The cornerstone of Catholic social teaching is that human life is sacred. As such the Catholic Conference evaluates any law, policy, or program in terms of its impact on the life and dignity of the human person.
Teaching on the economy
Catholic teaching on the economy reflects this emphasis on the human person. Pope John Paul II put it quite directly in his 1981 encyclical letter, Laborem exercens. He recalled that the error of early capitalism can be repeated wherever humans are treated as mere instruments or means of production and not as ends in themselves.
The bishops of the U.S. made the same point in their 1986 pastoral letter, Economic Justice for All, reminding us that the economy is made for people, not the other way around.
Pope Benedict affirmed this again in 2009 in his encyclical, Caritas in veritate, when citing the Second Vatican Council, he wrote that “the primary capital to be safeguarded is man, the human person in his or her integrity.”
Two laws promoting dignity of life
This fall Wisconsin lawmakers introduced two bills that recognize the dignity of human beings in the marketplace.
One proposal, Assembly Bill 281, authored by Rep. Cory Mason, increases the minimum wage to $7.60 an hour for most workers. The bill seeks to restore the purchasing power lost by minimum wage earners in recent years. This bill furthers the goal that workers should always earn a wage adequate to earn a decent living for themselves and their families.

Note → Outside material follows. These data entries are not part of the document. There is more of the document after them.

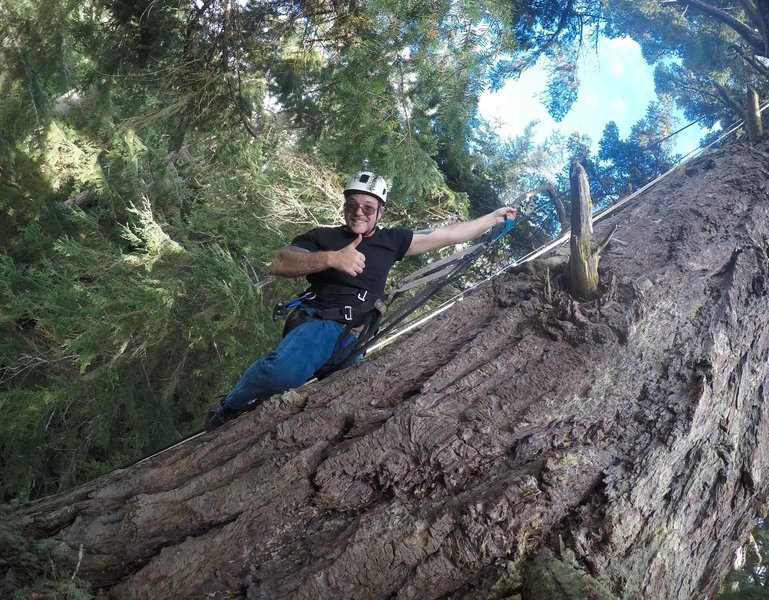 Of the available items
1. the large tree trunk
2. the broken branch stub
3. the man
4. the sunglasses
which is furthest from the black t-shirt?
the broken branch stub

Mandating a living wage for workers reminds us that labor is not just another commodity in the production process, the value of which is determined by supply and demand. Rather, it furthers the truth that the human beings who do the work are more important than the machines and processes that produce the goods and services.
Another bill also rejects the notion of the person as a commodity. Rep. Andre Jacque has authored Assembly Bill 214, which bans the sale and use of fetal body parts of an aborted unborn child. In preventing the sale of such body parts, Rep. Jacque’s bill affirms a different but equally powerful truth: human organs and tissue are not “spare parts” to be bought and sold in the marketplace. AB 214 reminds us that our humanity endures even after our death and even when it is not recognized during our life.

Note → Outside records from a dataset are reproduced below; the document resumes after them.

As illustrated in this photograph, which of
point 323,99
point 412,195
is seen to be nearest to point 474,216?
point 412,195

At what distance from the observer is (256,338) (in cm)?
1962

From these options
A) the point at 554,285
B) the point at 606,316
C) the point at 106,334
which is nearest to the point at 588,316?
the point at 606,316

Both proposals will ask many of us to see life from a vantage point other than our own.
Considering those most vulnerable
Most of us — and all who might be considered “movers and shakers” — earn far more than the minimum wage. The need to choose between paying the rent and paying for groceries is not a choice most of us face.
The prospect that a full day of honest work fails to generate enough income to provide for the most basic of our family’s needs is not a reality many of us encounter. Thus, the need for AB 281 may not be as obvious to us as it is to the lower income workers affected by it.

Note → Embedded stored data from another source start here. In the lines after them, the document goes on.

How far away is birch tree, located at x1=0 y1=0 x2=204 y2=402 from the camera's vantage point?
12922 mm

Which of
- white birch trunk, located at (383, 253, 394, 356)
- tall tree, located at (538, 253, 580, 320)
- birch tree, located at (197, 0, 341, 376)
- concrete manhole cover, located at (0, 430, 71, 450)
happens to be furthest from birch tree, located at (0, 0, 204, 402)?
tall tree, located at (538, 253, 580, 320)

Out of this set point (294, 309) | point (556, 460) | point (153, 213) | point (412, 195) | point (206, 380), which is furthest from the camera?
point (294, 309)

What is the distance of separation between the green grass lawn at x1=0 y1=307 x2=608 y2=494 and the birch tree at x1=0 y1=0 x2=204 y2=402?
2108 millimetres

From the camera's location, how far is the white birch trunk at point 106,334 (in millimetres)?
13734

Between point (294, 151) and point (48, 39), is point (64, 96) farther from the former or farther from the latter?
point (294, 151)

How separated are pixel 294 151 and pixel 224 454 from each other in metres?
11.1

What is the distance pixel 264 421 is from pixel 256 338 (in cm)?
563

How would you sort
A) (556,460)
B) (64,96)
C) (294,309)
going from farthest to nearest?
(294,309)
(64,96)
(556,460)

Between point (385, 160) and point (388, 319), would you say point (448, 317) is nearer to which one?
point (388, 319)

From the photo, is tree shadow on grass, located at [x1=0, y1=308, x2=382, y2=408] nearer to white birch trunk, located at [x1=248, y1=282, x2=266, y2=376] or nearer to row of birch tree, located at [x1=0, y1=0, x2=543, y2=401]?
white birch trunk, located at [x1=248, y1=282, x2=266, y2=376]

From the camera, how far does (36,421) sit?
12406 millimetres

The ban on selling body parts of aborted children also asks us to look outside our comfort zone.
Few of us want to think about the fact that the lethal impact of abortion on a child in the womb might be followed by the commercial exploitation of that child’s remains. We may be comfortable donating our own organs after we die, but are we really at peace with selling the organs of an unborn child who had no voice in the choice that ended his/her life? AB 214 compels us to address such questions.
Prosperity should enrich life
Both bills will be “tough sells” in the current economic climate. Both will have their opponents. Critics will label both as harmful to economic development.
But both bills reflect a deeper truth — that prosperity cannot be purchased by sacrificing the lives and dignity of the vulnerable. They both recognize that true economic development fosters human dignity and enriches life. Both make our marketplace more human and both deserve our support.
John Huebscher is executive director of the Wisconsin Catholic Conference.